I returned from Scotland about a week ago and was instantly busy with groups By the way, Yellowstone is extremely popular in the UK, so I was well received, especially my owl program.
Anyway, in the last few days I've been able to get back to walking the woods. I really expected nesting to be in full swing. I found just the opposite.
Bluebird and hairy woodpecker females are still flying around, which means they haven't started incubating eggs yet. Idid find a flicker in a cavity but many more still haven't chosen a cavity. I didn't find any sapsuckers.
Re-checking my great gray owl nests, I found all still empty. So that's that.

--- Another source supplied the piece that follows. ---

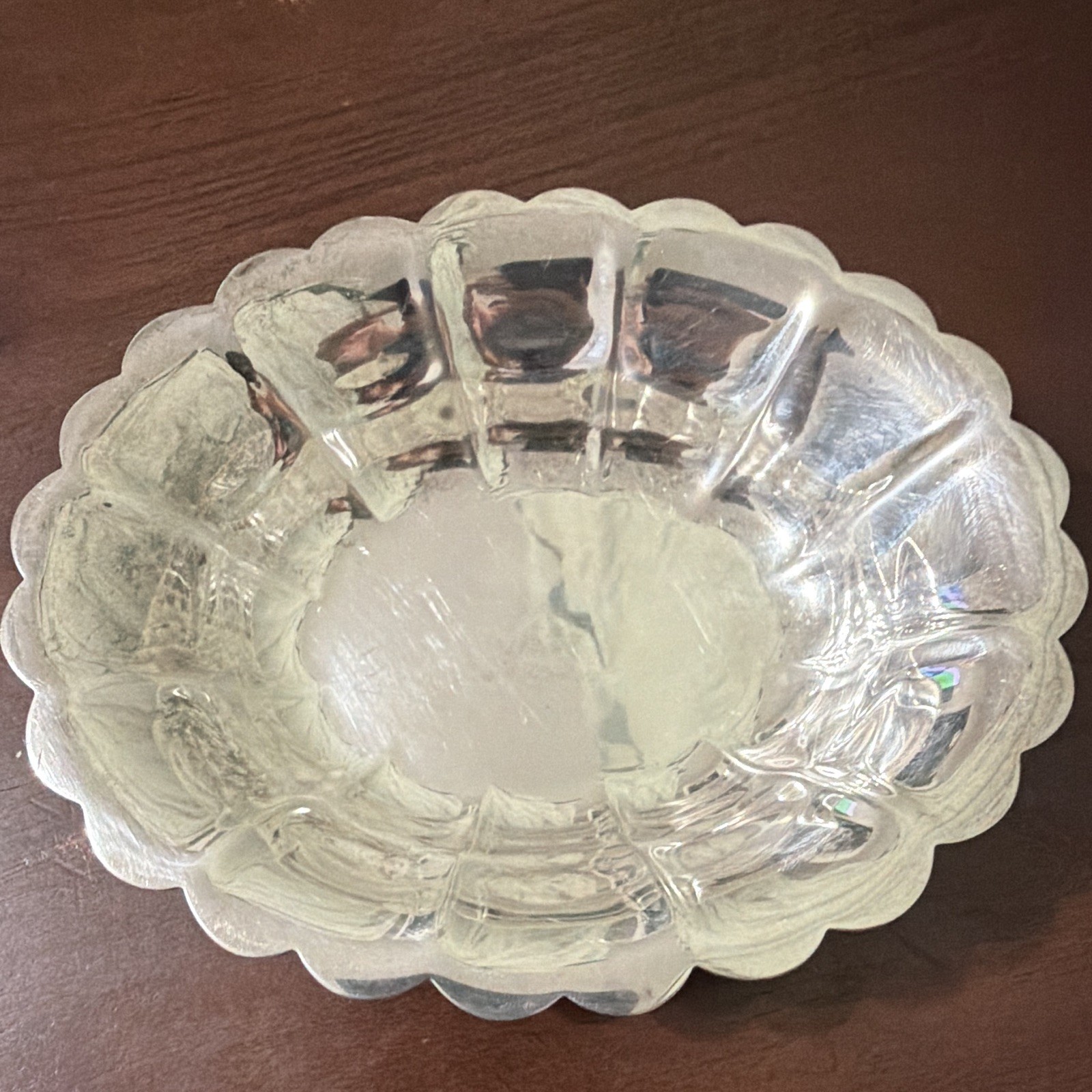 Oneida Silver Plate Scalloped Rim Bowl, Silverplated Scalloped Edge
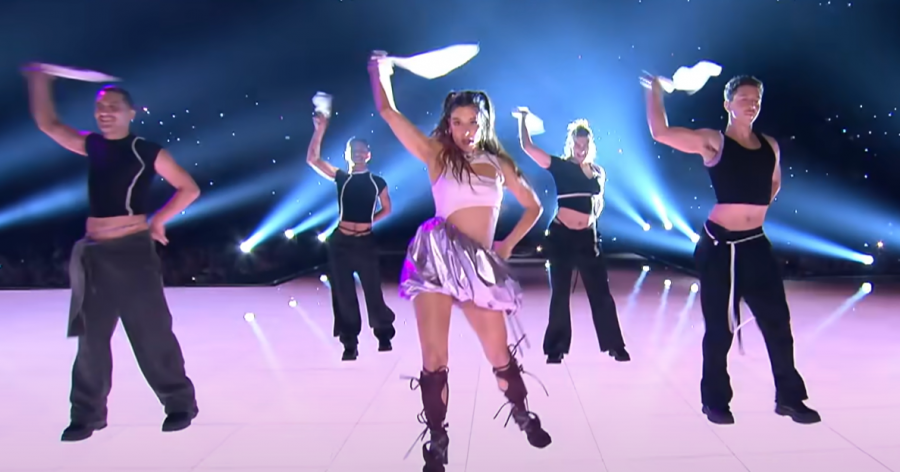 Yunanistan Eurovision Temsilcisi Marina Türkiye’ye Selam Yolladı, İsrailli Sanatçıyı Tiye Aldı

Yesterday I went on a scout with good friends Dave and Laura. We climbed to a high aspen grove I haven't walked in years. We discovered a pair of bluebirds, also a pair of flickers. Promising nesting will happen soon.
We climbed higher, reaching a view of decades old fence line that stretches across the sage flats backed by snow covered Pilot-Index. Shortly after we re-entered a stand of mixed forests that lead down to the river. Cindy and I had found evidence of great gray owls here some ten years ago, so I thought we'd look around a bit. As we walked down a long meadow, a feather blowing in the wind caught my eye. It was from a great gray. We were instantly excited. But, that excitement quickly dropped to frustration as more feathers came to view. More than two dozen. We'd discovered what remained of a dead owl.
How did it die?
Killed by another owl..... maybe a goshawk? More likely, it starved to death.
The tail feathers told me it was an adult male. Did that mean a female was nearby on a nest? The feathers were a few days old. She probably already abandoned the nest, if there was one. We moved on.
Today I climbed up to a pygmy owl nest that was active in 2015. Two bison grazed beneath the aspens. An elk with a calf barked and disappeared into the forest. I sat down on a log to listen. If I was lucky, I'd hear the little owl bring food to its mate. Tree swallows flitted above the aspens. A pair of Williamson sapsuckers moved from tree to tree. The first sapsuckers I've seen. I glassed the cliffs miles to the south. Two goats browsed in a green area.
Time passed. I walked around a bit. Four fresh bear scats lay scattered under a large pine.
I finally gave up. No whistles had sounded from the forest. I wasn't surprised. I haven't seen a pygmy owl since January.
Like the great grays, pygmy nest are going to be few and far between.